A review by ameliafr
Love in the Big City by Sang Young Park

dark funny hopeful medium-paced
  • Plot- or character-driven? A mix
  • Strong character development? Yes
  • Loveable characters? Yes
  • Diverse cast of characters? Yes
  • Flaws of characters a main focus? Yes

5.0

 I’m so impressed by the way this book depicts the complexity of relationships. The narrator’s relationships with his college best friend, his mother, and his boyfriends are vivid and nuanced; each feels honest and true to life and it is only now, writing this review, that I realize how well this book’s title applies to each of them.  
 
Despite its title and its depiction of multiple romantic relationships, “Love in The Big City” is not a romantic book. Instead of mood lighting, it shines a bright, unsparing beam on each of its characters, illuminating their contradictions, virtues, and flaws. The narrator navigates his relationships with both a tendency towards “excessive” self-awareness, yet he is repeatedly thwarted by unanticipated self-destruction.
This self-destructive impulse causes only a few of the novel’s tragedies. The rest are mundane, painful and painfully familiar.

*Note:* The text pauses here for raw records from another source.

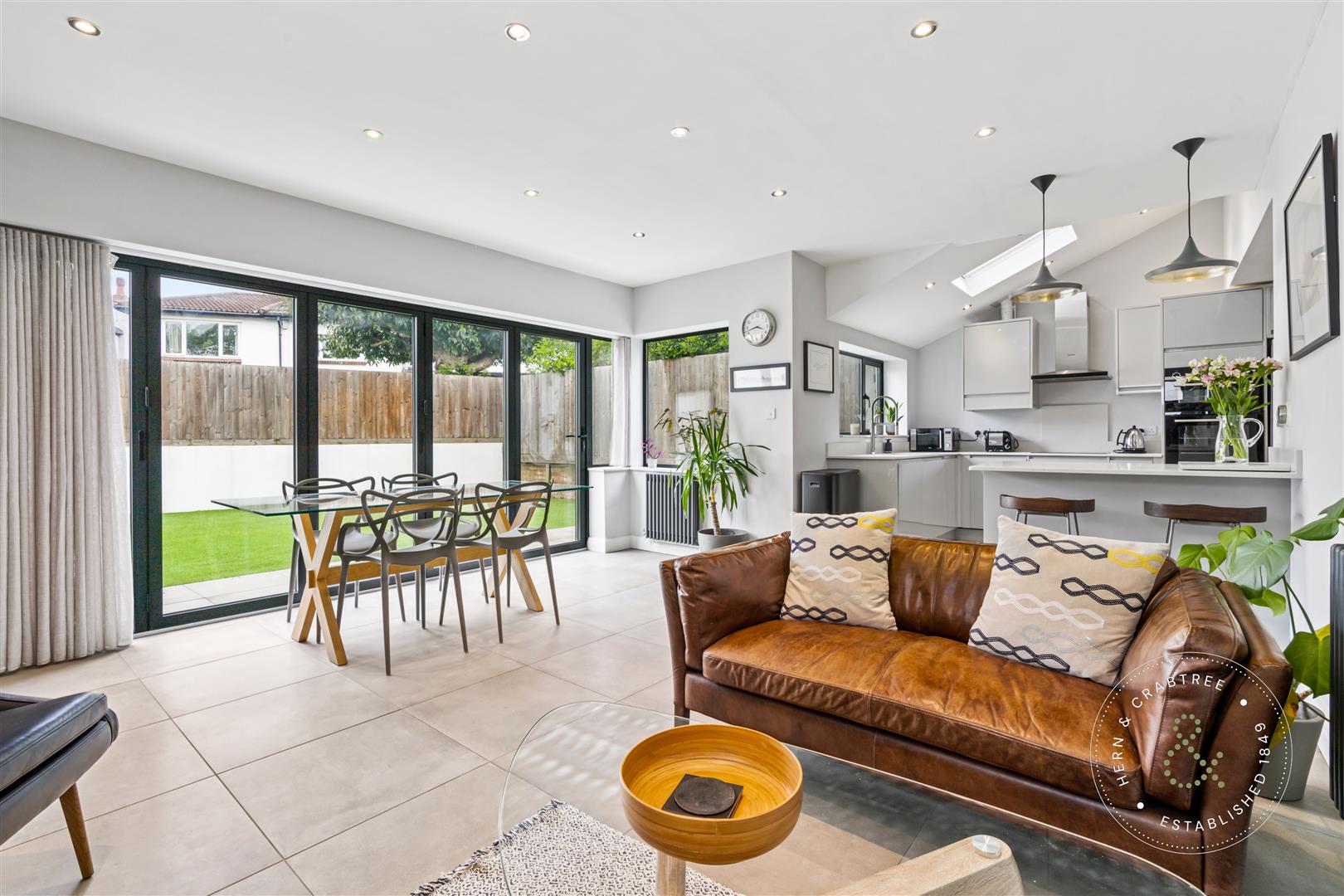 Property For Sale Ely Road, Llandaff, CF5 5 Bedroom House Semi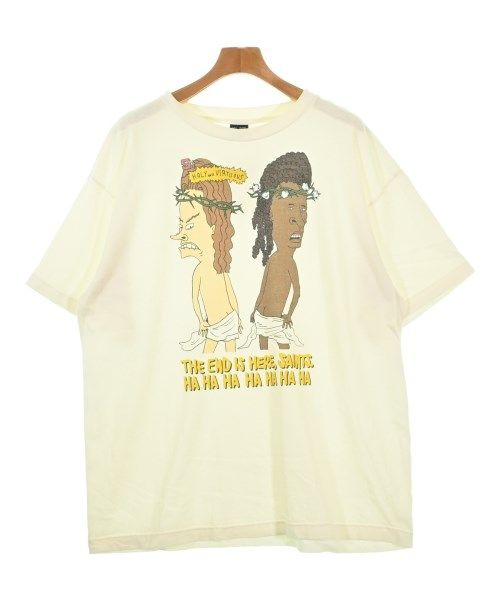 SAINT MICHAEL Tシャツ・カットソー メンズ 【古着】【中古】【送料無料】 16,380円
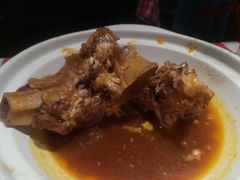 -西贝莜面村(上海百联西郊店)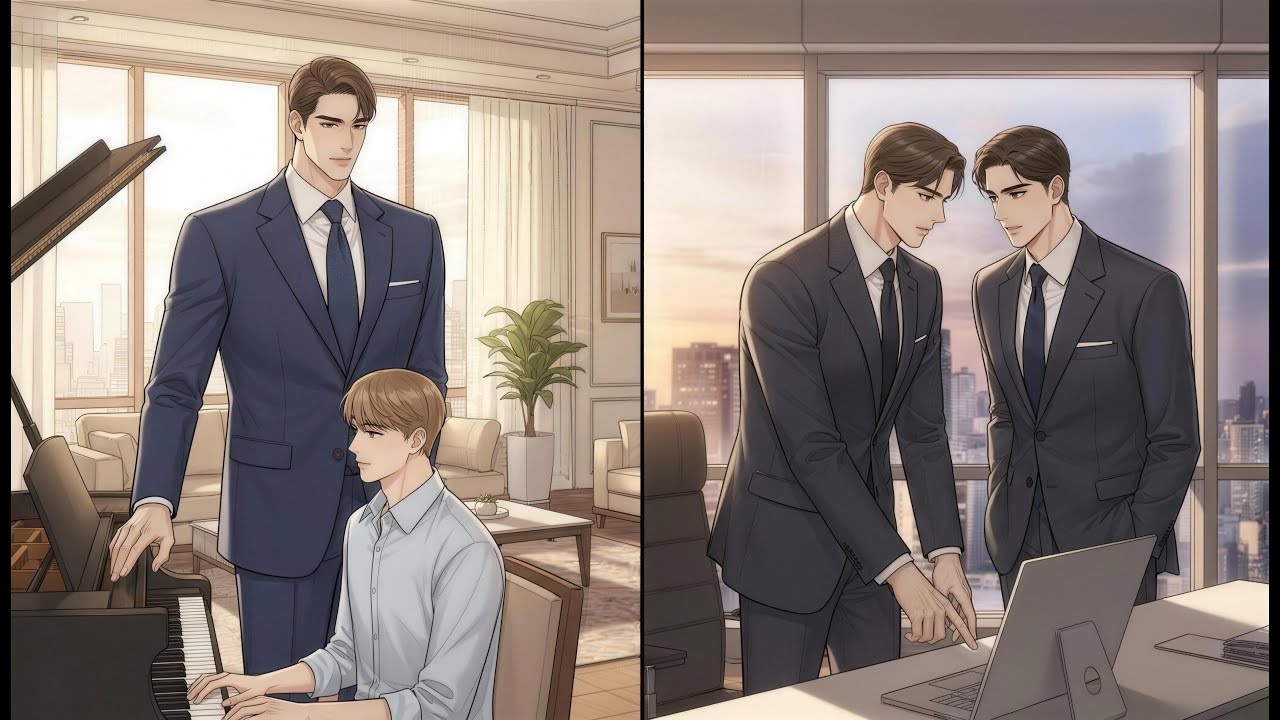 I Was Employed to Teach the CEO’s Kid Piano, And Somehow Ended Up Tuning His Father’s Heart Too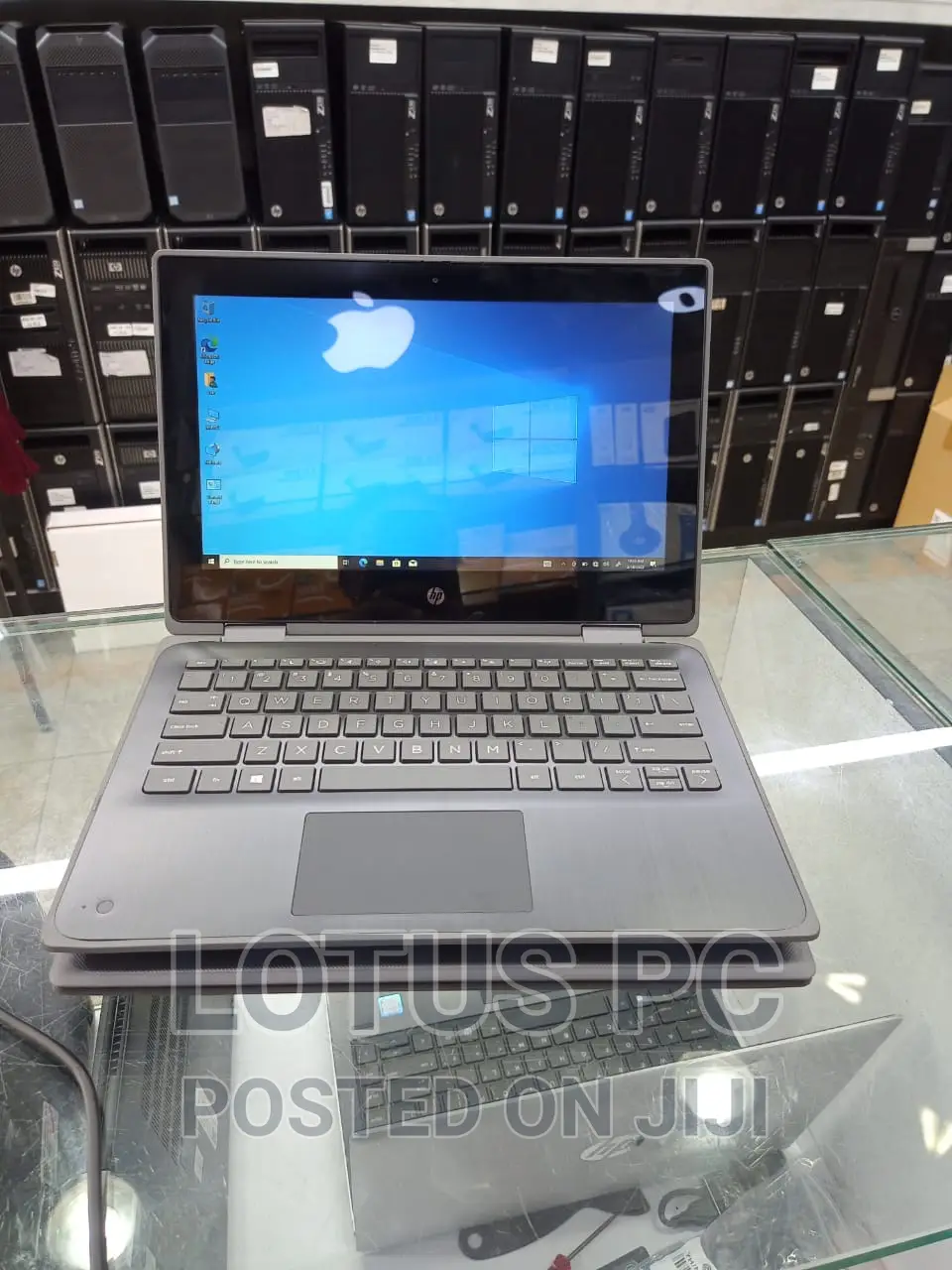 Laptop HP ProBook X360 11 G6 EE 4GB Intel Core M SSD 128GB
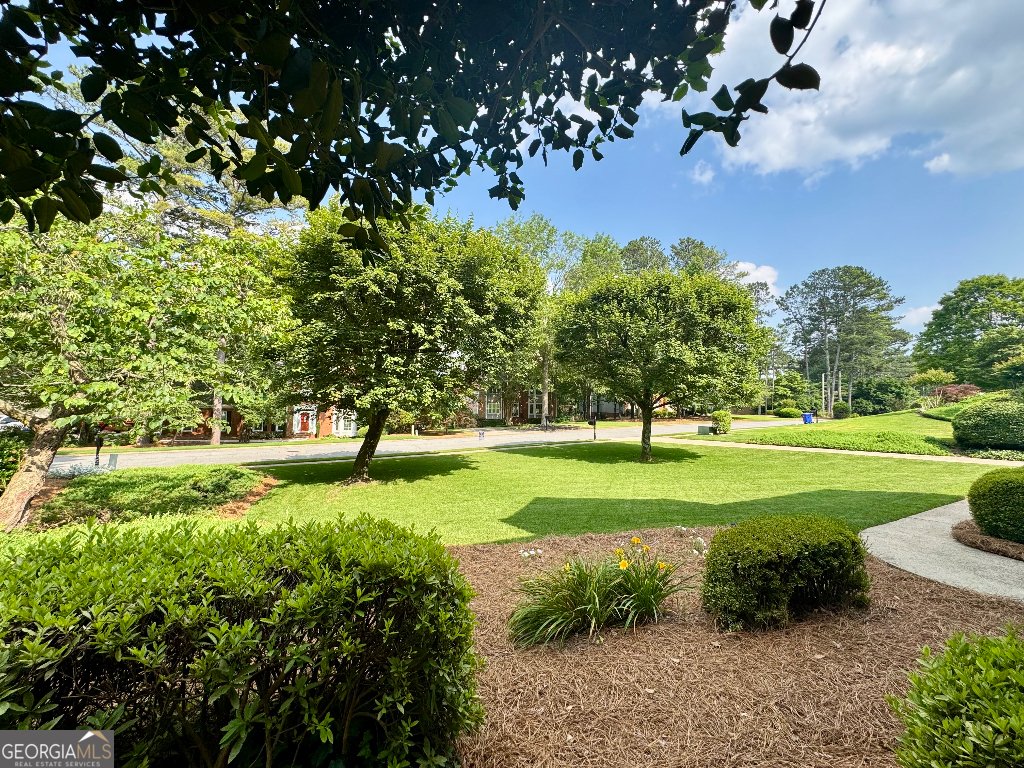 3532 Hampton Drive Marietta - 3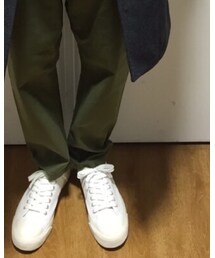 BACK NUMBER | スニーカー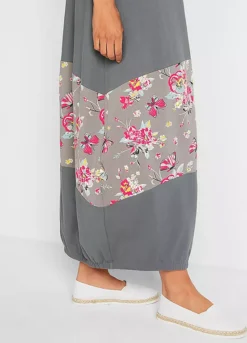 Slouchy Jersey Dress -Enchanted Styles Slouchy Jersey Dress939317FRSP W02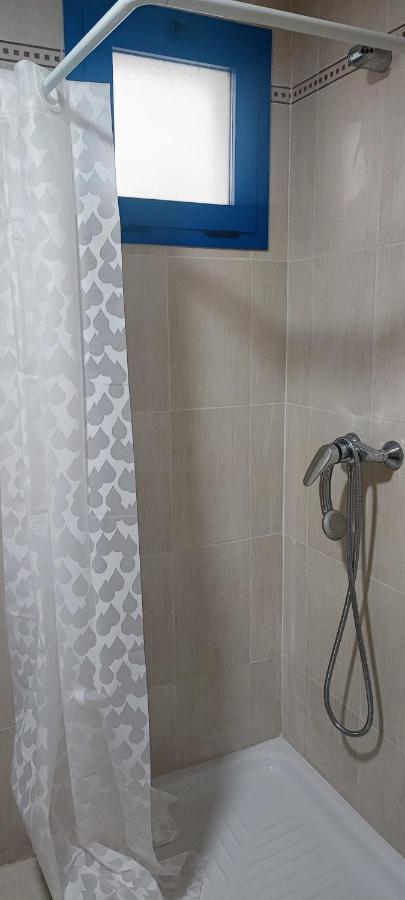 Apartamentos Peniscola Argualas Zewnętrze zdjęcie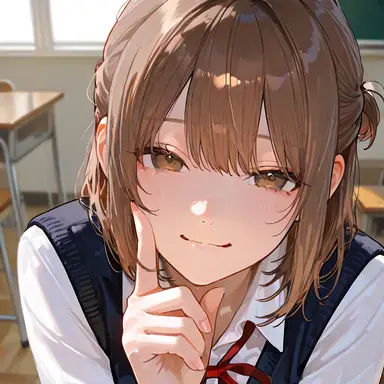 Profile image of 葉月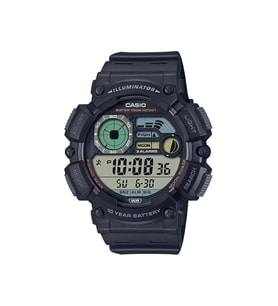 CASIO WS-1500H-1AVDF ERKEK KOL SAATİ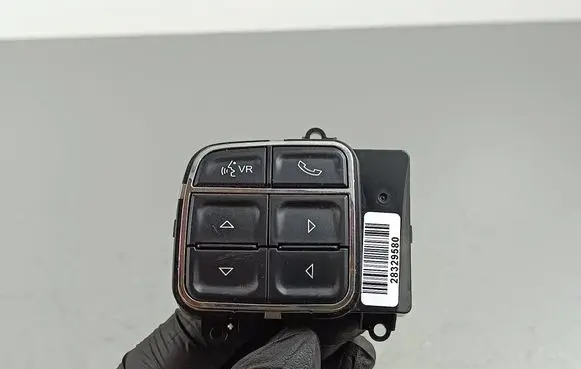Dodge VAN RAM Steering wheel buttons/switches 56054449AA 30505V 28374063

These moments of heartbreak - growing apart from a friend, saying something and regretting it, not saying and regretting it - are at once trivial and devastating.
 
 
At times, “Love in The Big City” is very funny, but this humor is always dark, with a bitter aftertaste. Despite this, “Love in The Big City” is neither hopeless nor depressing. The narrator introspects and improves. His thoughtfulness and wit carry both him and the reader through moments of joy, loneliness, grief, hope, and love. Originally, I planned to give this book 4.5 stars, but while writing its review I’ve realized how many of its scenes continue to replay in my mind.  For lack of a better word, “Love in The Big City” is so deeply human. This is inherently dissatisfying. It’s also inherently validating, profound, and moving.